The Cruel Prince (The Folk of the Air #1)(84)



“You saved him,” I say, because if she doesn’t want to talk about that part, she doesn’t have to.

“I named him for Liriope’s acorn,” she tells me, her voice barely more than a whisper. “My little golden Oak.”

I wanted so badly to believe that being in Dain’s service was an honor, that he was someone worth following. That’s what comes of hungering for something: You forget to check if it’s rotten before you gobble it down. “Did you know it was Dain who poisoned Liriope?”

Oriana shakes her head. “Not for a long time. It could have been another of Eldred’s lovers. Or Balekin—there were rumors he was the one responsible. I even wondered if it could have been Eldred, if he had poisoned her for dallying with his son. But then Madoc discovered Dain had obtained the blusher mushroom. He insisted I never let Oak be anywhere near the prince. He was furious—angry in a frightening way I had never seen before.”

It’s not hard to see why Madoc would be furious with Dain. Madoc, who once thought his own wife and child were dead. Madoc, who loved Oak. Madoc, who reminded us over and over that family came before all else.

“And so you married Madoc because he could protect you?” I have only blurry memories of his courting Oriana, and then they were sworn, with a child on the way. Maybe I thought it was unusual, but anyone can have good fortune. And it had seemed like bad fortune to me at the time, since Taryn and I worried what the new baby would mean for us. We thought Madoc might tire of us and drop us somewhere with a pocket full of gold and riddles pinned to our shirts. No one finds bad fortune suspicious.

Oriana looks out the glass doors at the wind blowing the trees. “Madoc and I have an understanding.

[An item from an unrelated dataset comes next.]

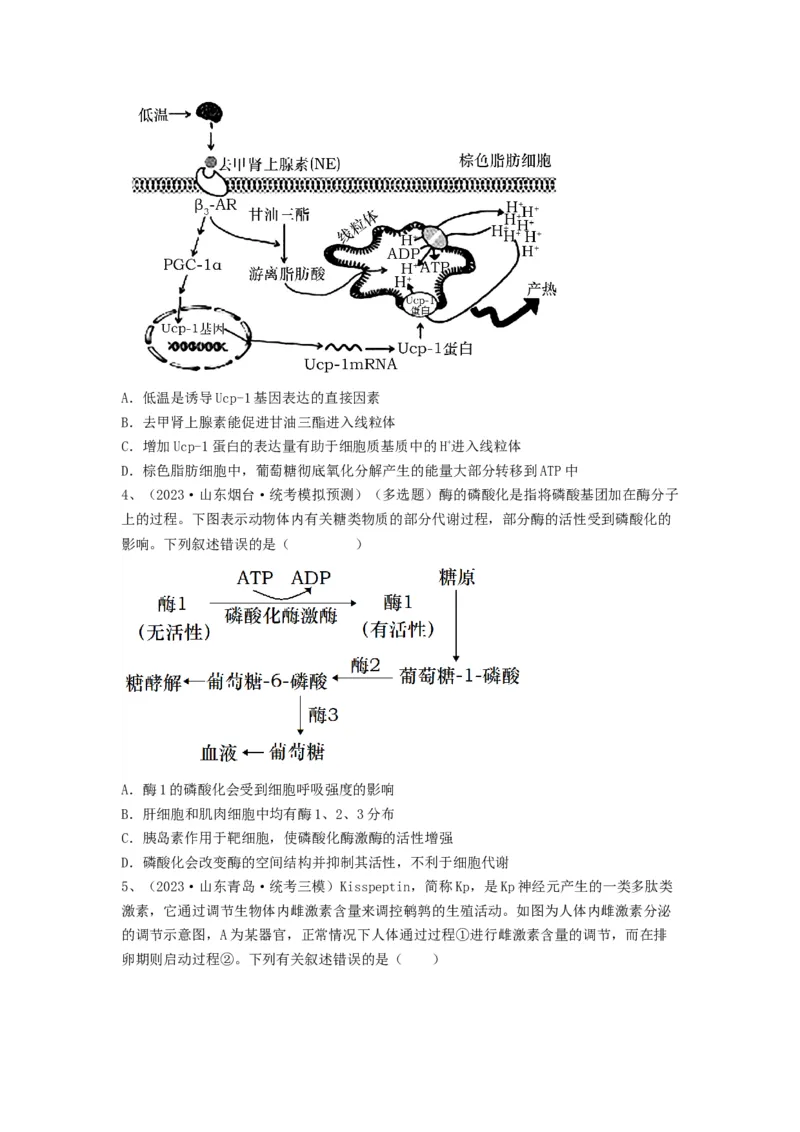 专题25体液调节（精练）（原卷版）_新高考复习资料_2024年新高考复习资料_一轮复习资料_完备战2024年高考生物一轮复习串讲精练（新高考专用）_精练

We do not pretend with each other.”

I have no idea what that means, but it sounds like it makes for a cold and careful marriage.

“So what’s his play?” I ask her. “I don’t imagine he intends for Balekin to keep the throne long. I think he would consider it some kind of crime against strategy to leave such an obvious move unexploited.”

“What do you mean?” She looks honestly baffled. They don’t pretend with each other, my ass.

“He’s going to put Oak on the throne,” I tell her, as though it’s obvious. Because it is obvious. I don’t know how he intends to do it—or when—but I am sure he does. Of course he does.

“Oak,” she says. “No, no, no. Jude, no. He’s just a child.”

Take him far from the dangers of this Court. That’s what Liriope’s note had said. Maybe Oriana should have listened.

I remember what Madoc told us at the dinner table ages ago, about how the throne was vulnerable during a change in power. Whatever he intended to happen with Balekin—and now I am wondering if what he imagined was for Dain to die and Balekin to die, too, for the High King to suspend the coronation, for Madoc to make a different play—he had to see the opportunity in front of him, with only three royals left. If Oak was the High King, then Madoc could be the regent. He would rule over Faerie until Oak came of age.

And then, who knew what might happen? If he could keep Oak in check, he might rule over Faerie forever.

“I was just a child once, too,” I tell her. “I don’t think Madoc was enormously concerned about what I could handle then, and I don’t think he will be too worried about Oak now.”

It’s not like I don’t think he loves Oak. Of course he loves him. He loves me, too. He loved my mother. But he is what he is. He cannot be other than his nature.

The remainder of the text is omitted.